Dataset content =
━━━━━━━━━━━━━━━━

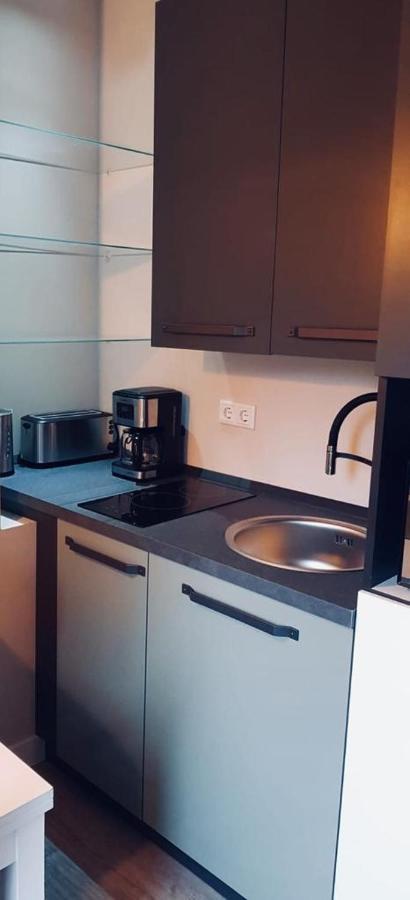 Villa Rosa Bad Camberg Dış mekan fotoğraf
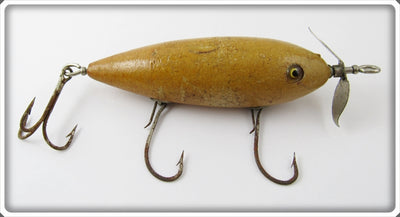 Vintage South Bend Luminous Surf Oreno Lure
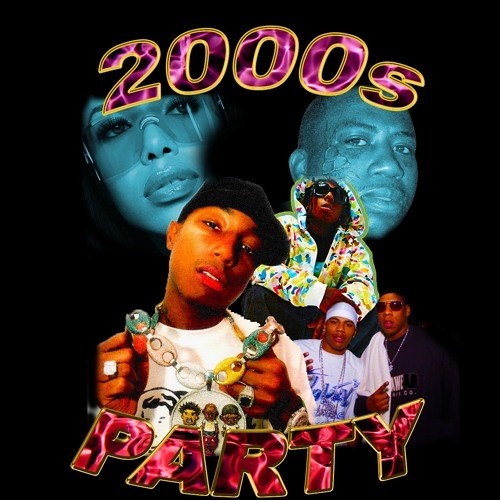 2000s throwbacks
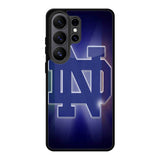 Notre Dame Fighting Irish X01346 Samsung Galaxy S26 Ultra Case
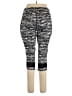Tek Gear Black Active Pants Size 1X - photo 2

━━━━━━━━━━━━━━━━

What you should do =
Quote, word for word and nothing more, every line from the line with "2000s throwbacks" to the end of the entries, including both ends; skip any pictures.

Exercise output =
 2000s throwbacks
 Notre Dame Fighting Irish X01346 Samsung Galaxy S26 Ultra Case
Tek Gear Black Active Pants Size 1X - photo 2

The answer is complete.